▶ **Given data**:
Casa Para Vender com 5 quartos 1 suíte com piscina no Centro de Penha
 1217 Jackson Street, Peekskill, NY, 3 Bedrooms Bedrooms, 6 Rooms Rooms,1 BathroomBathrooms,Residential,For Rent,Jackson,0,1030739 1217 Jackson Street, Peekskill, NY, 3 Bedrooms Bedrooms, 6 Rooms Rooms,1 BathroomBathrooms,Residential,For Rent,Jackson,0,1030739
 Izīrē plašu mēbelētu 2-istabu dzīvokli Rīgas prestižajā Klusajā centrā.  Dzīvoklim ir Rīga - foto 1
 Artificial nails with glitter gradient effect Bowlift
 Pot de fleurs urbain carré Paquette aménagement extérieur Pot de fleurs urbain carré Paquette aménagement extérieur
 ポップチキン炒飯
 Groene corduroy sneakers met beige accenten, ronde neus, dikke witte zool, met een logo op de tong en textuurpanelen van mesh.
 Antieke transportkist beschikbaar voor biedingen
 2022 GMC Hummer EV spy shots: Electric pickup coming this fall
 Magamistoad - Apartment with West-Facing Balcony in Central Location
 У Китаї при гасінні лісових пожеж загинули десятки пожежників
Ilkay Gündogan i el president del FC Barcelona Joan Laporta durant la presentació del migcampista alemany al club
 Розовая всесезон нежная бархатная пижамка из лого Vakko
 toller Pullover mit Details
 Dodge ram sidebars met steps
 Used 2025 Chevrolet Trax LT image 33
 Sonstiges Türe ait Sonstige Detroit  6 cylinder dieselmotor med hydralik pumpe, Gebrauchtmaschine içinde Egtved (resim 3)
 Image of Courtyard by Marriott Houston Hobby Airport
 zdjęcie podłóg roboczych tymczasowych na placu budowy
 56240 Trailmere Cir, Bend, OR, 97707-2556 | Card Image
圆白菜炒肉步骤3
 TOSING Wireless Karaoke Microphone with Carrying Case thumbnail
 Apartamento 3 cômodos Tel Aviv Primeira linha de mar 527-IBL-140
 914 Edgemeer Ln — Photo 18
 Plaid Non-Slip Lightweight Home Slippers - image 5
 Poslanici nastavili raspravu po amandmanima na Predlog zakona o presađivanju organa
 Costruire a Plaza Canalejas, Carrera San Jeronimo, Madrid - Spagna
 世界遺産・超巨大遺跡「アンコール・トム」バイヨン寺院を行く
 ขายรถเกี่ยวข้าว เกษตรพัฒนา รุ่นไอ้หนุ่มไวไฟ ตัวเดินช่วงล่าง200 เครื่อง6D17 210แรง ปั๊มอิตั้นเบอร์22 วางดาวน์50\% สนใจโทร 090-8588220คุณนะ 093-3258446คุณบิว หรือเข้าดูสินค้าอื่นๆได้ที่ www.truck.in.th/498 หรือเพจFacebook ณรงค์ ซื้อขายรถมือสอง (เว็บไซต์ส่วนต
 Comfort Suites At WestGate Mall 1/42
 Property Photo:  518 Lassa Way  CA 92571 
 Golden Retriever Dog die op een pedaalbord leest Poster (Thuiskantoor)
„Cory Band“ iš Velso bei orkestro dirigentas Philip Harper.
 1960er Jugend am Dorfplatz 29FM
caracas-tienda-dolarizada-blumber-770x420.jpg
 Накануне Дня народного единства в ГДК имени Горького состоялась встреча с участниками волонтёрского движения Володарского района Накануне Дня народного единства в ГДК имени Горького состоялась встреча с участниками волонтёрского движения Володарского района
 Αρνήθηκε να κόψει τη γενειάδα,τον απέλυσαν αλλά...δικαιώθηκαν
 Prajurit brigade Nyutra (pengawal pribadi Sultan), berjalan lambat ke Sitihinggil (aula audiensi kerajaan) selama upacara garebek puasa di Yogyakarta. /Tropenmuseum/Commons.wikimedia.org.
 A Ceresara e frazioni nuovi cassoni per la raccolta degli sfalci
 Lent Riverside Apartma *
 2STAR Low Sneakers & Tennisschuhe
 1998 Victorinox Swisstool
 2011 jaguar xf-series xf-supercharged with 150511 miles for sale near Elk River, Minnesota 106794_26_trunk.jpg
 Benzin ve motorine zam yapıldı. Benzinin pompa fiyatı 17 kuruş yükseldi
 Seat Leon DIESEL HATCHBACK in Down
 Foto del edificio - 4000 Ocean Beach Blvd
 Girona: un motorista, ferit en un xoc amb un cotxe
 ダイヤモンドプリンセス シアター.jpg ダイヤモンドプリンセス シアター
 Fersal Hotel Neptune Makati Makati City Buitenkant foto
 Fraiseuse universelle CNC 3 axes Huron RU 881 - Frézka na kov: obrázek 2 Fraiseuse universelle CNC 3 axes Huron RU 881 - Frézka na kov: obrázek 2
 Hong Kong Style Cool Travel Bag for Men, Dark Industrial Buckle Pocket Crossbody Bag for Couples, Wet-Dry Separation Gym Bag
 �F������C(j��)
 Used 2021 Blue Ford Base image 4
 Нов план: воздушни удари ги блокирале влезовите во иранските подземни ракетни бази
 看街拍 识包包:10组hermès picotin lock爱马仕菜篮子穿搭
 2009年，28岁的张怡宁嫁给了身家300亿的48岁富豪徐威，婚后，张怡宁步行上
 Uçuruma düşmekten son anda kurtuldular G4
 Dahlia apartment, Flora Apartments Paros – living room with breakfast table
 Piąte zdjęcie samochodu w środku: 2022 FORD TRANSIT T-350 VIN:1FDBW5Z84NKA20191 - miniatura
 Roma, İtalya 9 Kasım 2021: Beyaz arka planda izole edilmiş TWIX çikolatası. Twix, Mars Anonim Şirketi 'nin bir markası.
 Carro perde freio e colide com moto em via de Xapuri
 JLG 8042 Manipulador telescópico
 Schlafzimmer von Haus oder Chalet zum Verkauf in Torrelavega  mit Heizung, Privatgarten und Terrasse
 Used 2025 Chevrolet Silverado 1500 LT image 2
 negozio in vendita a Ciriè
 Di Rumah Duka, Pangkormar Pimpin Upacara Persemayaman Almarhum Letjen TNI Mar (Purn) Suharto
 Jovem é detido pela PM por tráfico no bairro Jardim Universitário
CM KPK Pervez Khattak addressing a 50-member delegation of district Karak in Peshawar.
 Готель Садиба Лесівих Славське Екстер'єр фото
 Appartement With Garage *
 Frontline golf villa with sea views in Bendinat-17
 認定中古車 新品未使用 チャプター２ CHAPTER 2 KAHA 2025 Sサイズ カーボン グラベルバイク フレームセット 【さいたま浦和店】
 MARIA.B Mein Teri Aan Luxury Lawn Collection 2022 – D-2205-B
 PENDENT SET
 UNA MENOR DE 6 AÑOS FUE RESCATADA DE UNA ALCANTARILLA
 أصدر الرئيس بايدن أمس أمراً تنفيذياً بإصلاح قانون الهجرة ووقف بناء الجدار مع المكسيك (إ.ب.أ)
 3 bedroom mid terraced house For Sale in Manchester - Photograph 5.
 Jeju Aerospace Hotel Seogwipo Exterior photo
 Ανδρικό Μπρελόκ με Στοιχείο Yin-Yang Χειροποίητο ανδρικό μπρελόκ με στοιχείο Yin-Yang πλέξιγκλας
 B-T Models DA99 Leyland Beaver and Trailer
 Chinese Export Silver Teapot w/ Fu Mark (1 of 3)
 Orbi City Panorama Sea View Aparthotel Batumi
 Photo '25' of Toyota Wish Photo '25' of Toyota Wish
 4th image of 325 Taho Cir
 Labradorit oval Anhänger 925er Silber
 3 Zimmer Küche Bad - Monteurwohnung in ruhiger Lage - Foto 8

▶ **Problem description**: Send back, unchanged, every line of the records from the one with "JLG 8042 Manipulador telescópico" through the last.

▶ **Output of the exercise**:
 JLG 8042 Manipulador telescópico
 Schlafzimmer von Haus oder Chalet zum Verkauf in Torrelavega  mit Heizung, Privatgarten und Terrasse
 Used 2025 Chevrolet Silverado 1500 LT image 2
 negozio in vendita a Ciriè
 Di Rumah Duka, Pangkormar Pimpin Upacara Persemayaman Almarhum Letjen TNI Mar (Purn) Suharto
 Jovem é detido pela PM por tráfico no bairro Jardim Universitário
CM KPK Pervez Khattak addressing a 50-member delegation of district Karak in Peshawar.
 Готель Садиба Лесівих Славське Екстер'єр фото
 Appartement With Garage *
 Frontline golf villa with sea views in Bendinat-17
 認定中古車 新品未使用 チャプター２ CHAPTER 2 KAHA 2025 Sサイズ カーボン グラベルバイク フレームセット 【さいたま浦和店】
 MARIA.B Mein Teri Aan Luxury Lawn Collection 2022 – D-2205-B
 PENDENT SET
 UNA MENOR DE 6 AÑOS FUE RESCATADA DE UNA ALCANTARILLA
 أصدر الرئيس بايدن أمس أمراً تنفيذياً بإصلاح قانون الهجرة ووقف بناء الجدار مع المكسيك (إ.ب.أ)
 3 bedroom mid terraced house For Sale in Manchester - Photograph 5.
 Jeju Aerospace Hotel Seogwipo Exterior photo
 Ανδρικό Μπρελόκ με Στοιχείο Yin-Yang Χειροποίητο ανδρικό μπρελόκ με στοιχείο Yin-Yang πλέξιγκλας
 B-T Models DA99 Leyland Beaver and Trailer
 Chinese Export Silver Teapot w/ Fu Mark (1 of 3)
 Orbi City Panorama Sea View Aparthotel Batumi
 Photo '25' of Toyota Wish Photo '25' of Toyota Wish
 4th image of 325 Taho Cir
 Labradorit oval Anhänger 925er Silber
 3 Zimmer Küche Bad - Monteurwohnung in ruhiger Lage - Foto 8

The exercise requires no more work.